Der Navy SEAL litt seit einigen Tagen an Schmerzen und
starkem Hörverlust in beiden Ohren, hatte es jedoch vermieden, sich
bei Noland zu melden, weil er damit rechnete, dass es ihn seine
Teilnahme an dem unmittelbar bevorstehenden gemeinsamen Manöver mit
der brasilianischen Marine kosten werde. Als er an diesem Morgen
aber aufwachte, konnte er nichts von dem verstehen, was der
CO sagte, und wurde trotz seines
Protestes dazu verdonnert, sich untersuchen zu lassen.
»Wie lautet die schlechte Nachricht?«,
fragte Bradley. Als er seine eigene Stimme hörte, kam es ihm vor,
als spräche er in ein dickes Federkissen hinein.
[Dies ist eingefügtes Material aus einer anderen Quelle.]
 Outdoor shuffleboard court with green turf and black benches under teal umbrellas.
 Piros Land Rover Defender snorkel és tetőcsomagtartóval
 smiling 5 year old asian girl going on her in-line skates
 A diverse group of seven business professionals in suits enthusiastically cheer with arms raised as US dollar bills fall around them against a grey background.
Noland, ein hagerer Typ mit dünnem blondem
Haar, richtete sich auf, trat zurück und runzelte die Stirn. Sein
Mund bewegte sich zwar, aber alles, was Bradley hören konnte, waren
bis zur Unkenntlichkeit verzerrte Vokale, wie sie auch die
vollkommen unverständliche Lehrerin Miss Othmar, deren Stimme von
einer Posaune imitiert wurde, in der Peanuts -Serie von sich gab.
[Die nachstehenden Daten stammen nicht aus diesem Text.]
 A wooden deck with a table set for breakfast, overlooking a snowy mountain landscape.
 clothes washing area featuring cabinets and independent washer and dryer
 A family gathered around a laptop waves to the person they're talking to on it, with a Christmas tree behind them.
»Ich habe nicht das Geringste
mitbekommen.«
Noland fischte einen Notizblock und einen
Kugelschreiber aus seiner Hemdtasche und schrieb etwas auf. Danach
reichte er Bradley den Notizblock.
Ich glaube, Sie haben eine akute beidseitige
Mittelohrentzündung. Eine massive Infektion. Dadurch hat sich der
mittlere Bereich des Ohrs mit Eiterflüssigkeit gefüllt. Sie hätten
viel eher zu mir kommen sollen.
»Ja, ja«, sagte Bradley und ärgerte sich
mehr über sich selbst als über Nolands Antwort. »Was lässt sich
denn dagegen tun?«
Noland griff wieder zum Notizblock und
schrieb.
Antibiotika-Injektion, danach Antibiotika
oral. Viel Flüssigkeit trinken. Bettruhe.
Bradley war wie vor den Kopf gestoßen. Die
Enttäuschung war ihm deutlich anzusehen.
»Und wie lange?«
Drei Tage. Es hängt davon ab, wie lange es
dauert, bis sich Ihr Hörvermögen normalisiert hat.
»Drei Tage! Das Manöver beginnt morgen. Ich
muss noch Vorbereitungen für eine Operation treffen.«
Tut mir leid, Kumpel. Ihre Trommelfelle
stehen ziemlich unter Druck und können jeden Moment platzen. Dann
fallen Sie womöglich für einige Wochen aus.
Bradley schlug mit der Faust auf den Tisch.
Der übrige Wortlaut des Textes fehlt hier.